If you didn't notice - this means that you can use an arbitrary python function. You just got Turing complete (which actually may not be what you want! :-D ).
Executor
So we have our commands defined, now we want to execute them on top of the data structure. Well, the commands are just classes which can be called (so technically, in Python world, they are functions, which are just classes with a __call__
defined), so we can instantiate their instances and use them. Did I mention that we can just use REPL? I DID! The gist with the code is here, just download as dsl.py
and then in the same directory:
$ python
Python 3.7.0 (default, Jun 28 2018, 13:15:42)
[GCC 7.2.0] :: Anaconda, Inc. on linux
Type "help", "copyright", "credits" or "license" for more information.
>>> from dsl import Assign, Delete
>>> data = {'a': 3, 'b': 'something', 'd': 'foo'}
>>> assign_1 = Assign(condition=["a", ">", 3], target="c", value="Hello!")
>>> assign_1(data) # nothing happens as data['a'] is not bigger than 3 (it's equal)
{'a': 3, 'b': 'something', 'd': 'foo'}
>>> data_2 = {'a': 4, 'b': 'something', 'd': 'foo'}
>>> assign_1(data_2) # and we got our "c": "Hello!" there!

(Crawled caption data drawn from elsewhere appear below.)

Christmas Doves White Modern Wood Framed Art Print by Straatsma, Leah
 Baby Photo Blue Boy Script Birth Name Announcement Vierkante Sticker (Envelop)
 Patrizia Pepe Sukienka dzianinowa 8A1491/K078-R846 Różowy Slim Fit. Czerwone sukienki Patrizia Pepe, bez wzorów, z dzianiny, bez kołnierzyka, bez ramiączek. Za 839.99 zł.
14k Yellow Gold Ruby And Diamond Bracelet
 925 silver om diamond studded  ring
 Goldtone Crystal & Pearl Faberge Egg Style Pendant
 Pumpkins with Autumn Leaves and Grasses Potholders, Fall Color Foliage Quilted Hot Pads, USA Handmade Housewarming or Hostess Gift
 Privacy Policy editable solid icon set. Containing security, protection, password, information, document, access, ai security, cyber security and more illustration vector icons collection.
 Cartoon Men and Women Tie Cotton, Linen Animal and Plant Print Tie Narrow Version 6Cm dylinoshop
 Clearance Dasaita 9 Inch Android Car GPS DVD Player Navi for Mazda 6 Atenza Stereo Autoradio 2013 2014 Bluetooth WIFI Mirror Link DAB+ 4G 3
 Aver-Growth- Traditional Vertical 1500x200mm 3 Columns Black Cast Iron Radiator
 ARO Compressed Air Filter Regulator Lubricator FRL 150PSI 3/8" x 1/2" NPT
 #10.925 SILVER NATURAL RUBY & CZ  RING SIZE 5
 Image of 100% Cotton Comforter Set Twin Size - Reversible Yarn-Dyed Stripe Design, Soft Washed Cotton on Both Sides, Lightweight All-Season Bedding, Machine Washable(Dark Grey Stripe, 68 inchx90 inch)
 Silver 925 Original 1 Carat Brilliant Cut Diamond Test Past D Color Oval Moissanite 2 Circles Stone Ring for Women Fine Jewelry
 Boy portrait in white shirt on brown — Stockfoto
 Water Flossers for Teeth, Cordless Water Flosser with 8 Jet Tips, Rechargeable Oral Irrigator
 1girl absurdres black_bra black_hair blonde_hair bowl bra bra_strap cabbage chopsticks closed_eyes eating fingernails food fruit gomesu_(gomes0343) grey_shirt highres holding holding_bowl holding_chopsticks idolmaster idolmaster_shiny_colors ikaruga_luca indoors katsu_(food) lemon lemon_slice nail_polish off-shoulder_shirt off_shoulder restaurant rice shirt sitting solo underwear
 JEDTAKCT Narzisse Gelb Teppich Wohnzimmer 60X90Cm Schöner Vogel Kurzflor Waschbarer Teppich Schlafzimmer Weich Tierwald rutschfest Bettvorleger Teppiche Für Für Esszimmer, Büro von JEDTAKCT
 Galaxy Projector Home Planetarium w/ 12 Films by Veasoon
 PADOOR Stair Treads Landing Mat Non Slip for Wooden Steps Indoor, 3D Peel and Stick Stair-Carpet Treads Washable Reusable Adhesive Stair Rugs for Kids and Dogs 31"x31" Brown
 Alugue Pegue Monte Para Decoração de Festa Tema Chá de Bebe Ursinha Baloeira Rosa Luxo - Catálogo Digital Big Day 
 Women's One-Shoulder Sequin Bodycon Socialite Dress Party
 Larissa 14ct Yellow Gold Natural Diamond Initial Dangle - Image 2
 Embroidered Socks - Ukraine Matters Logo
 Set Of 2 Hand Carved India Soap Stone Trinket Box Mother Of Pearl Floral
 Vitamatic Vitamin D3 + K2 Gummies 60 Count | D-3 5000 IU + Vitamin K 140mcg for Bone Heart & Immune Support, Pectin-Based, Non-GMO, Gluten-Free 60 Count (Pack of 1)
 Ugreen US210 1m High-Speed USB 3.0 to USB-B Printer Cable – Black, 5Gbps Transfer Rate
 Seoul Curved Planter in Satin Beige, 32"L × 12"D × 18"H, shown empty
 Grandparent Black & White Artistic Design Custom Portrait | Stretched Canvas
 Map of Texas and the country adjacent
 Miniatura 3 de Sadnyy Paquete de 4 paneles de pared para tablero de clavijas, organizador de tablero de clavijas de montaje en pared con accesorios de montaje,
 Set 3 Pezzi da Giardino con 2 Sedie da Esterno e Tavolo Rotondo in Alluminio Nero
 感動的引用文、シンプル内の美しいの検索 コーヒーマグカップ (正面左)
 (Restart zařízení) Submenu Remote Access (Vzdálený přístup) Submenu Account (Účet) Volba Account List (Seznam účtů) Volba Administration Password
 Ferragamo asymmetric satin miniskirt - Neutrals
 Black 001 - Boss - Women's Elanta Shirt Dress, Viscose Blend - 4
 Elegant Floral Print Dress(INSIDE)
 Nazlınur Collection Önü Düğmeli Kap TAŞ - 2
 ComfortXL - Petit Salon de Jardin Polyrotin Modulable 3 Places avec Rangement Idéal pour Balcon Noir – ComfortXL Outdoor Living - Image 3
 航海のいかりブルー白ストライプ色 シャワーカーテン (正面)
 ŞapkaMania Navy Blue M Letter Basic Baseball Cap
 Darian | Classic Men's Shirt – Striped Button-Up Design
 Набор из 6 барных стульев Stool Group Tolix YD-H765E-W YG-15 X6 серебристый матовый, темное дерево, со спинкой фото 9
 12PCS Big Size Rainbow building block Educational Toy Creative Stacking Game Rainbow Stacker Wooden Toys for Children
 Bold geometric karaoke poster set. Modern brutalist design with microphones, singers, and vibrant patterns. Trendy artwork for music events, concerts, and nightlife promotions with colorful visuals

{'a': 4, 'b': 'something', 'd': 'foo', 'c': 'Hello!'}
>>> delete = Delete(target='d')
>>> delete(data_2) # and deleted the `d` key
{'a': 4, 'b': 'something', 'c': 'Hello!'}
Awesome!
Executing multiple
Now you may want to execute multiple commands, how to do it? Easy:
>>> res = {'a': 4, 'b': 'something', 'd': 'foo'}
>>> for cmd in pipeline:
... res = cmd(res)
>>> res
{'a': 4, 'b': 'something', 'c': 'Hello!'}
in our use-case, we actually wrapped this functionality into Pipeline
class with some metadata, but that's not necessary for a simple case like this. In our case, the pipelines can be nested, executed on the DataElement
type, loaded from different files etc.
Conclusion
We have had this in production over the last year and I am super happy we decided to do it this way. Python (or its subset you design) is readable and powerful enough to use it as a DSL for non-programmers.